History of Astronomy - George Forbes

[1] Phil. Mag., vol. xxiv., pp. 481-4.

[2]
Plaeiadas t’ esoronte kai opse duonta bootaen
‘Arkton th’ aen kai amaxan epiklaesin kaleousin,
‘Ae t’ autou strephetai kai t’ Oriona dokeuei,
Oin d’ammoros esti loetron Okeanoio.
“The Pleiades and Boötes that setteth late, and the Bear, which they likewise call the Wain, which turneth ever in one place, and keepeth watch upon Orion, and alone hath no part in the baths of the ocean.”

[3] See Pearson in the Camb. Phil. Soc. Proc., vol. iv., pt. ii., p. 93, on whose authority the above statements are made.

[4] See p. 6 for definition.

4. THE REIGN OF EPICYCLES—FROM PTOLEMY TO COPERNICUS.

After Ptolemy had published his book there seemed to be nothing more to do for the solar system except to go on observing and finding more and more accurate values for the constants involved--viz., the periods of revolution, the diameter of the deferent,[^[1]] and its ratio to that of the epicycle,[^[2]] the distance of the excentric[^[3]] from the centre of the deferent, and the position of the line of apses,[^[4]] besides the inclination and position of the plane of the planet’s orbit. The only object ever aimed at in those days was to prepare tables for predicting the places of the planets. It was not a mechanical problem; there was no notion of a governing law of forces.

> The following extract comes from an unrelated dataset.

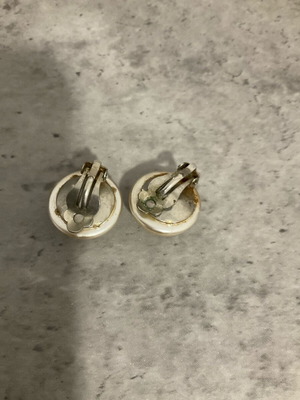 Clip-on pearl earrings like new, fashion jewelry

From this time onwards all interest in astronomy seemed, in Europe at least, to sink to a low ebb. When the Caliph Omar, in the middle of the seventh century, burnt the library of Alexandria, which had been the centre of intellectual progress, that centre migrated to Baghdad, and the Arabs became the leaders of science and philosophy. In astronomy they made careful observations. In the middle of the ninth century Albategnius, a Syrian prince, improved the value of excentricity of the sun’s orbit, observed the motion of the moon’s apse, and thought he detected a smaller progression of the sun’s apse. His tables were much more accurate than Ptolemy’s. Abul Wefa, in the tenth century, seems to have discovered the moon’s “variation.” Meanwhile the Moors were leaders of science in the west, and Arzachel of Toledo improved the solar tables very much. Ulugh Begh, grandson of the great Tamerlane the Tartar, built a fine observatory at Samarcand in the fifteenth century, and made a great catalogue of stars, the first since the time of Hipparchus.

At the close of the fifteenth century King Alphonso of Spain employed computers to produce the Alphonsine Tables (1488 A.D.), Purbach translated Ptolemy’s book, and observations were carried out in Germany by Müller, known as Regiomontanus, and Waltherus.

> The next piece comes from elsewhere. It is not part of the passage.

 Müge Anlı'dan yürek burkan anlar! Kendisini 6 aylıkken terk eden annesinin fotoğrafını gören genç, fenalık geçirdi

Nicolai Copernicus, a Sclav, was born in 1473 at Thorn, in Polish Prussia. He studied at Cracow and in Italy. He was a priest, and settled at Frauenberg. He did not undertake continuous observations, but devoted himself to simplifying the planetary systems and devising means for more accurately predicting the positions of the sun, moon, and planets. He had no idea of framing a solar system on a dynamical basis. His great object was to increase the accuracy of the calculations and the tables. The results of his cogitations were printed just before his death in an interesting book, De Revolutionibus Orbium Celestium. It is only by careful reading of this book that the true position of Copernicus can be realised. He noticed that Nicetas and others had ascribed the apparent diurnal rotation of the heavens to a real daily rotation of the earth about its axis, in the opposite direction to the apparent motion of the stars. Also in the writings of Martianus Capella he learnt that the Egyptians had supposed Mercury and Venus to revolve round the sun, and to be carried with him in his annual motion round the earth. He noticed that the same supposition, if extended to Mars, Jupiter, and Saturn, would explain easily why they, and especially Mars, seem so much brighter in opposition. For Mars would then be a great deal nearer to the earth than at other times. It would also explain the retrograde motion of planets when in opposition.

We must here notice that at this stage Copernicus was actually confronted with the system accepted later by Tycho Brahe, with the earth fixed. But he now recalled and accepted the views of Pythagoras and others, according to which the sun is fixed and the earth revolves; and it must be noted that, geometrically, there is no difference of any sort between the Egyptian or Tychonic system and that of Pythagoras as revived by Copernicus, except that on the latter theory the stars ought to seem to move when the earth changes its position—a test which failed completely with the rough means of observation then available. The radical defect of all solar systems previous to the time of Kepler (1609 A.D.) was the slavish yielding to Plato’s dictum demanding uniform circular motion for the planets, and the consequent evolution of the epicycle, which was fatal to any conception of a dynamical theory.